Eckart Lohse

Höhenflug der CDU: Das Comeback der Angela Merkel

von befla

Am 15. Mai kamen 160 Kreisvorsitzende der CDU zusammen. Natürlich nicht körperlich im Konrad-Adenauer-Haus in Berlin, wie sonst bei diesen Treffen, sondern in einer Videokonferenz. Ihre Gesprächspartner waren die Parteivorsitzende Annegret Kramp-Karrenbauer und Bundeskanzlerin Angela Merkel. Und hier fängt die Sache an, zu einem Problem für die CDU zu werden.

Die Gesprächsrunde, von der Partei für die Partei organisiert, begann um 10 Uhr. Die Vorsitzende sprach einem Teilnehmer zufolge über „die aktuelle Situation rund um Corona„. Dann durften Fragen an Merkel gerichtet werden, die aus dem Kanzleramt zugeschaltet war. Diese Gelegenheit ließen sich die Kreisvorsitzenden nicht entgehen. „Fast zwei Dutzend“ Fragen seien gestellt worden, wurde berichtet. Bis mittags um 12 Uhr konnte die Regierungschefin gelöchert werden und machte offenbar geduldig mit. Das aber lässt die Frage aufkommen, wer eigentlich derzeit von der CDU-Basis als die Nummer eins angesehen wird. Die Antwort wurde an jenem Freitag im Mai deutlich gegeben: Angela Merkel.

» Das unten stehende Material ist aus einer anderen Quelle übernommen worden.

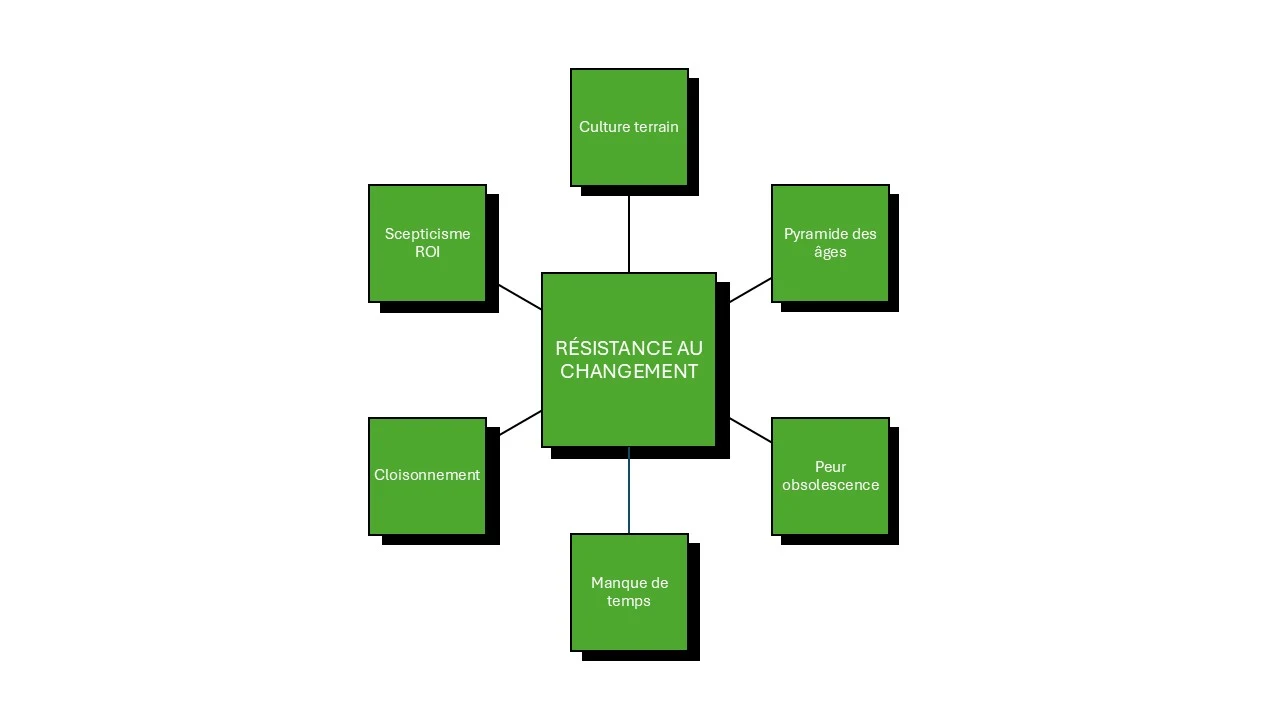 résistance changement BTP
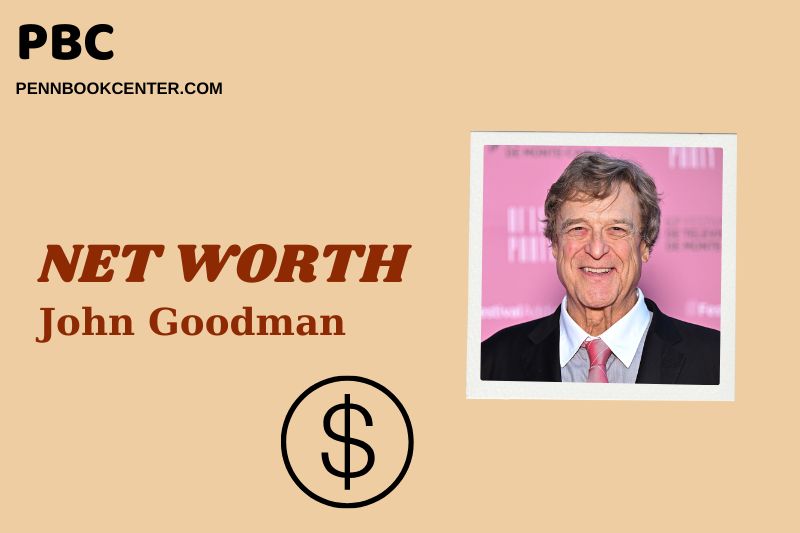 What is John Goodman Net Worth 2025 Salary Wealth and Career Insights 2 What is John Goodman Net Worth 2025: Salary, Wealth, and Financial Overview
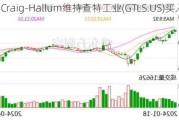 Craig-Hallum维持查特工业(GTLS.US)买入评级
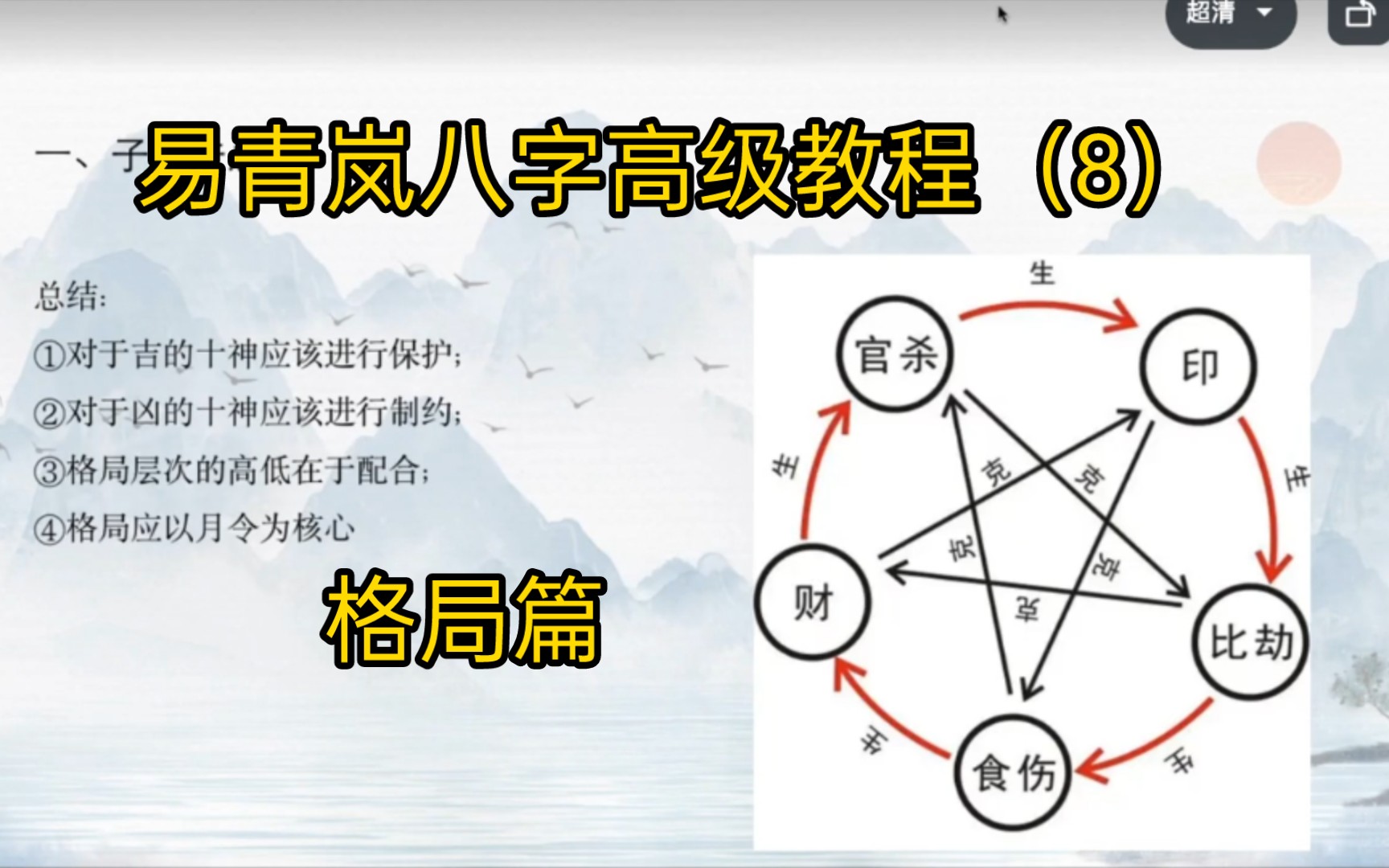 【易青岚八字高级教程】八字高级教程(8)格局篇哔哩哔哩bilibili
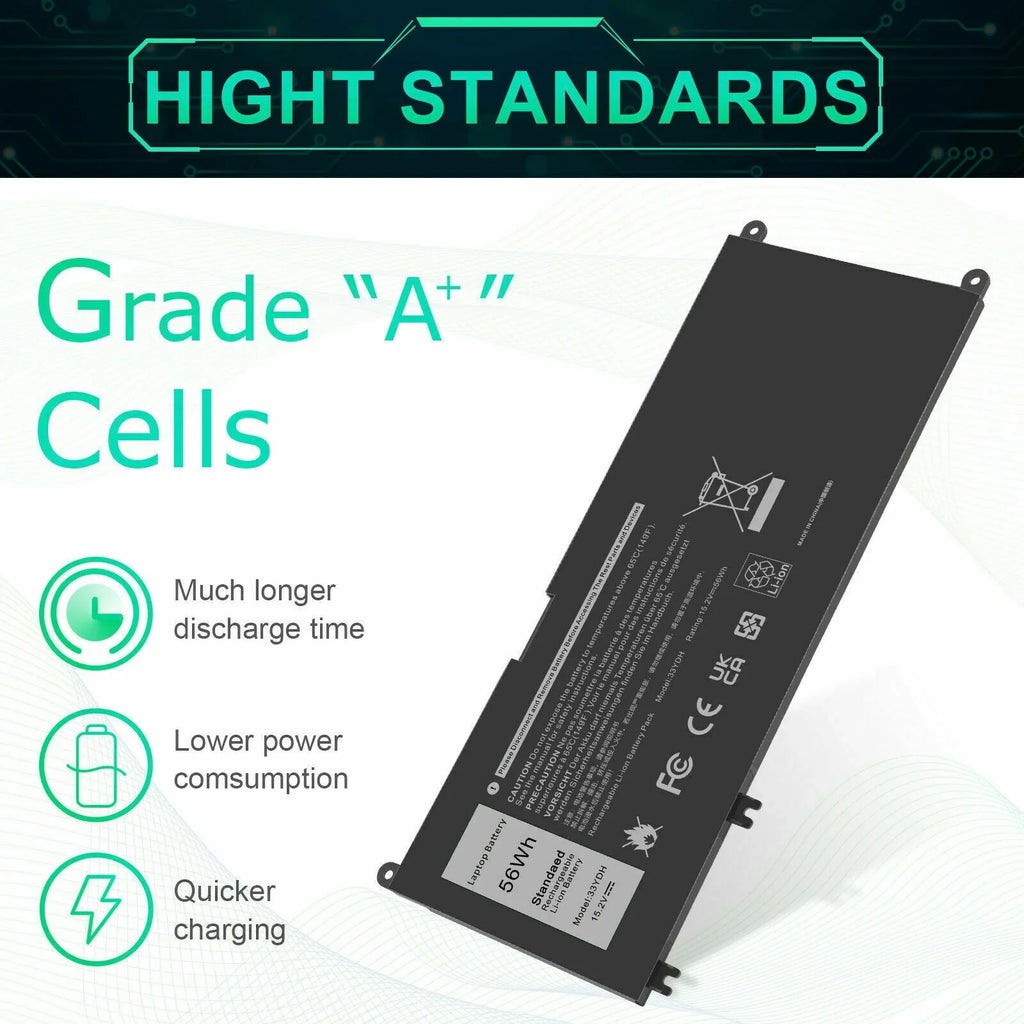 Latitude 3590 Dell 3490 3580 For P30E001 W7NKD 33YDH Laptop 3380 3480 US Battery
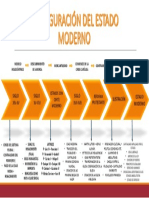 Linea de Tiempo - Configuracion Del Estado Moderno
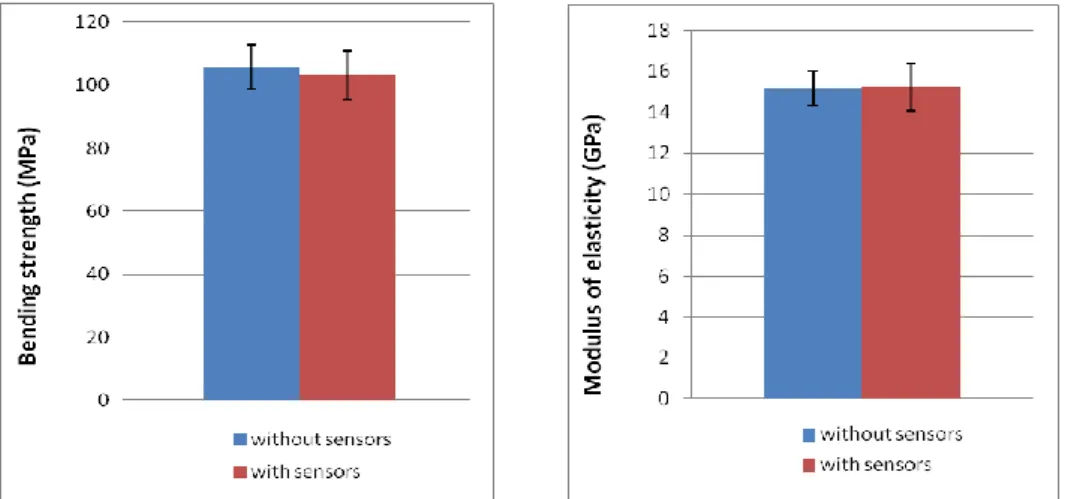 Figure  9  shows  the comparison of the mechanical  properties (BS and MOE) between the  specimens with and without sensors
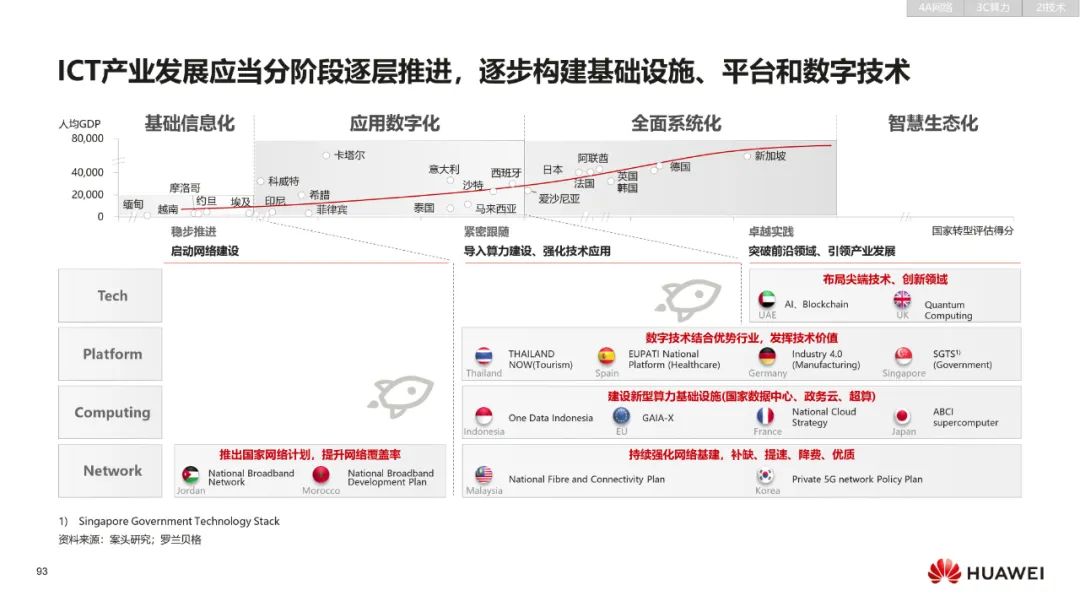 华为:数字化转型,从战略到执行 华为:数字化转型,从战略到执行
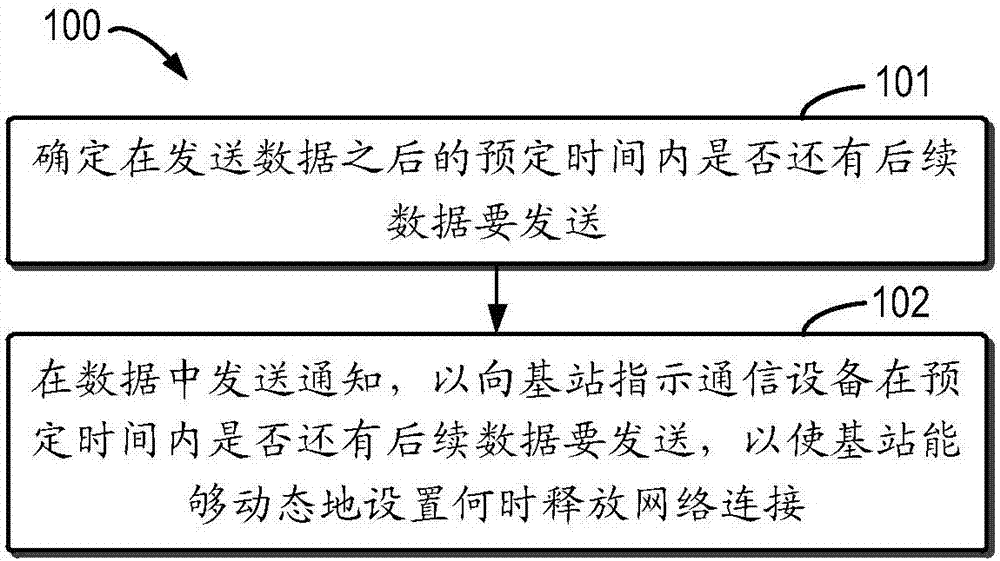 用于通信設(shè)備的方法、用于基站的方法、通信設(shè)備和基站與流程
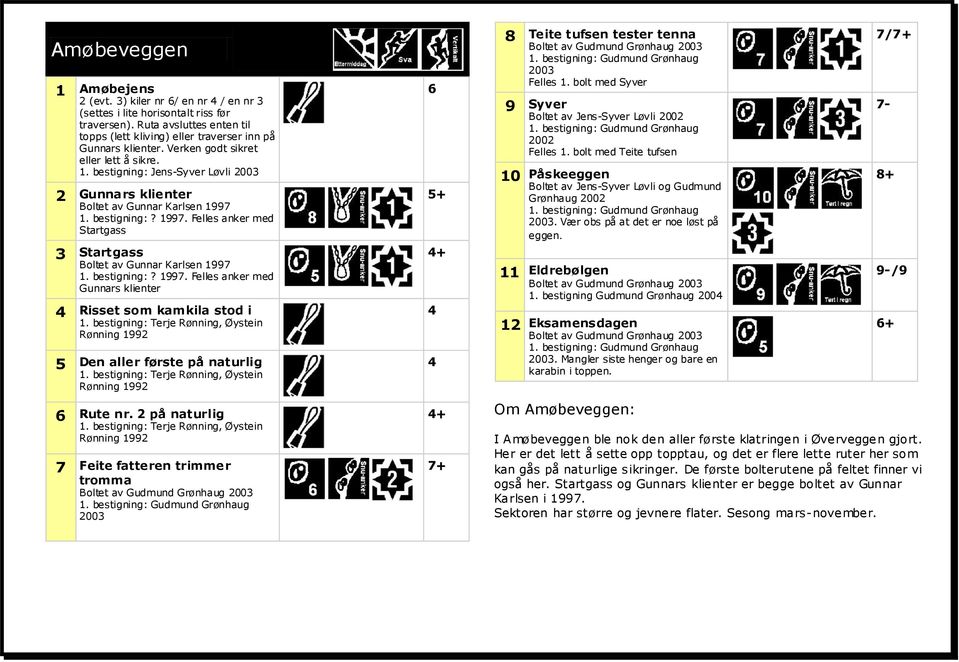 bestigning:? 1997. Felles anker med Gunnars klienter 4 Risset som kamkila stod i 1. bestigning: Terje Rønning, Øystein Rønning 1992 5 Den aller første på naturlig 1.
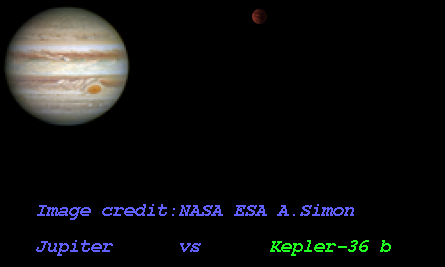 Exoplanet-catalog – Exoplanet Exploration: Planets Beyond our Solar System  Kepler-36 b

Vom Aufbruch ist nichts mehr übrig

Dabei war alles ganz anders geplant. Als Merkel vor gut zwei Jahren spürte, dass ihr der Rückhalt in der seit April 2000 von ihr geführten Christlich Demokratischen Union verlorenging, holte sie Kramp-Karrenbauer als Generalsekretärin nach Berlin. So begeistert war die Kanzlerin von diesem Schachzug, dass sie die Neue öffentlich als erste Frau auf dem Posten anpries und dabei vergaß, dass sie selbst die erste Generalsekretärin der CDU gewesen war. Kramp-Karrenbauer bekam ein annähernd sozialistisches Ergebnis von den Delegierten, die sie Anfang 2018 zur Generalsekretärin wählten.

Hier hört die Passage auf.